Backpropagation for each dimension of output

nil_tdr · July 30, 2023, 5:52pm

Hello!

In PyTorch when we call loss.backward() it performs backpropagation for the sample (for stochastic case). Let’s consider my output is 50 dimensional. I have two loss components. First one is an array of dimension 50. How can I run loss.backward() for each dimension separately? I also have another loss component which is a scalar and I want to do normal backpropagation for this one on whole output tensor, together with my first loss on each dimension of the output? Do I have to use a custom loss function?
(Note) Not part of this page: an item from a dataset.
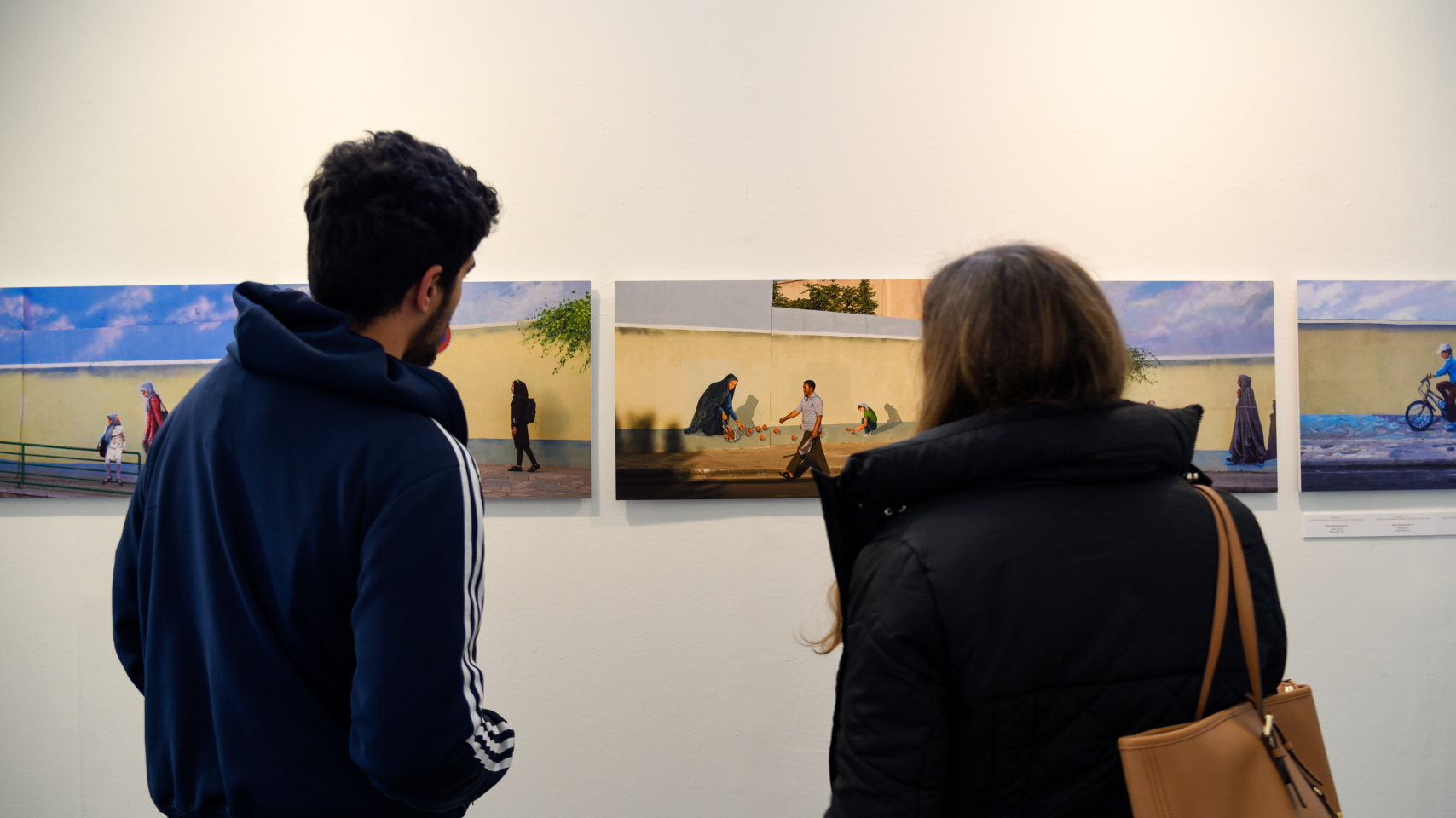 Dos alumnos observan las fotografías expuestas en la Facultad de Geografía e Historia de la USAL con motivo de la exposición 'Transversalidades. Fotografía sin fronteras’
Thanks a lot for you kind help!
Nil

KFrank · July 31, 2023, 2:45am

Hi Nil!

I’m not sure that I understand your use case. In particular, what do you
mean by “run loss.backward() for each dimension separately?”

But, taking your question at face value, note that loss.backward()
accumulates the gradient of loss into the various Parameter.grads.

So, for example:

loss_array[0].backward()   # possibly with retain_grad = True
loss_array[1].backward()
loss_array[2].backward()

gives the same final result for the relevant .grad values as does:

(loss_array[0] + loss_array[1] + loss_array[2]).backward()

and the latter will be more efficient.

Best.

K. Frank

nil_tdr · August 4, 2023, 2:17pm

Hi K. Frank,

Thanks for your response and sorry for my late reply. My loss is an array of dimension 50. For PyTorch I know that loss has to be a scalar value. Since my loss is an array I can’t use default backward() function. This is what I tried.

optim.zero_grad()
for grad in gradient: #gradient is a 50 dimensional array
loss = grad
loss.backward()
optim.step()

This is the error I got:
RuntimeError: Trying to backward through the graph a second time (or directly access saved tensors after they have already been freed). Saved intermediate values of the graph are freed when you call .backward() or autograd.grad(). Specify retain_graph=True if you need to backward through the graph a second time or if you need to access saved tensors after calling backward.

I would really appreciate if you can give a direction where should I look at to make this special case work?

Thanks,
Nil

KFrank · August 5, 2023, 1:51am

Hi Nil!

Presumably elements of your gradient array share parts of the same
computation graph. That is, the computation of gradient[0] and, for
example, gradient[1] partially overlap. Calling gradient[0].backward()
deletes gradient[0]'s computation graph, including any parts of it that
are shared by gradient[1]'s computation graph. So when you then call
gradient[1].backward(), parts of gradient[1]'s computation graph
have been deleted, leading to the error you report.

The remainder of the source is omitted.